Water drinking elicits profound pressor responses in patients with impaired baroreflex function and in sinoaortic-denervated mice. Healthy subjects show more subtle changes in heart rate and blood pressure with water drinking. The water-induced pressor response appears to be mediated through sympathetic nervous system activation at the spinal level. Indeed, water drinking raises resting energy expenditure in normal weight and obese subjects. The stimulus setting off the response is hypoosmolarity rather than water temperature or gastrointestinal stretch. Studies in mice suggest that this osmopressor response may involve transient receptor potential vanniloid 4 (Trpv4) receptors. However, the (nerve) cell population serving as peripheral osmosensors and the exact transduction mechanisms are still unknown.
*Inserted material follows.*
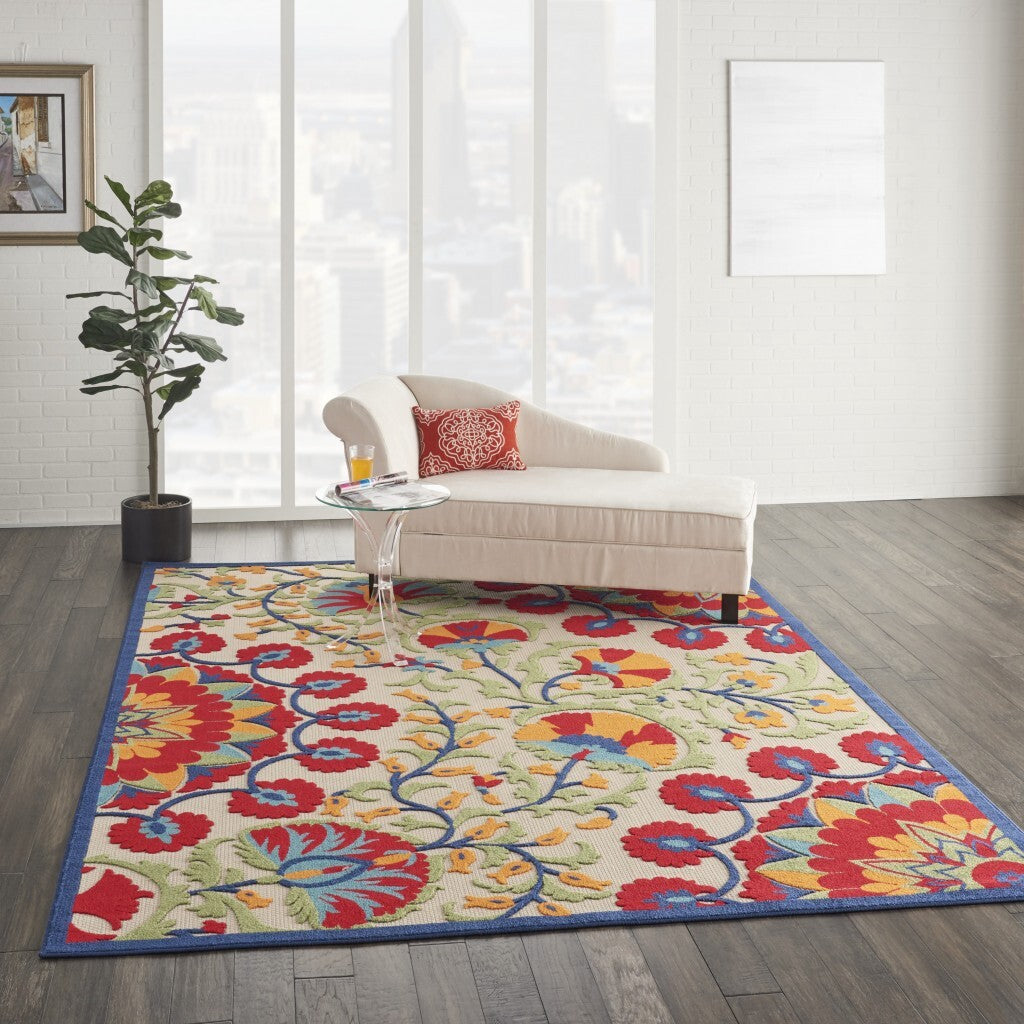 7' x 10' Red and Multicolor Indoor Outdoor Area Rug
The osmopressor response can be exploited in the treatment of orthostatic and postprandial hypotension in patients with severe autonomic failure. Furthermore, the osmopressor response acutely improves orthostatic tolerance in healthy subjects and in patients with neurally mediated syncope. The phenomenon should be recognized as an important confounder in cardiovascular and metabolic studies.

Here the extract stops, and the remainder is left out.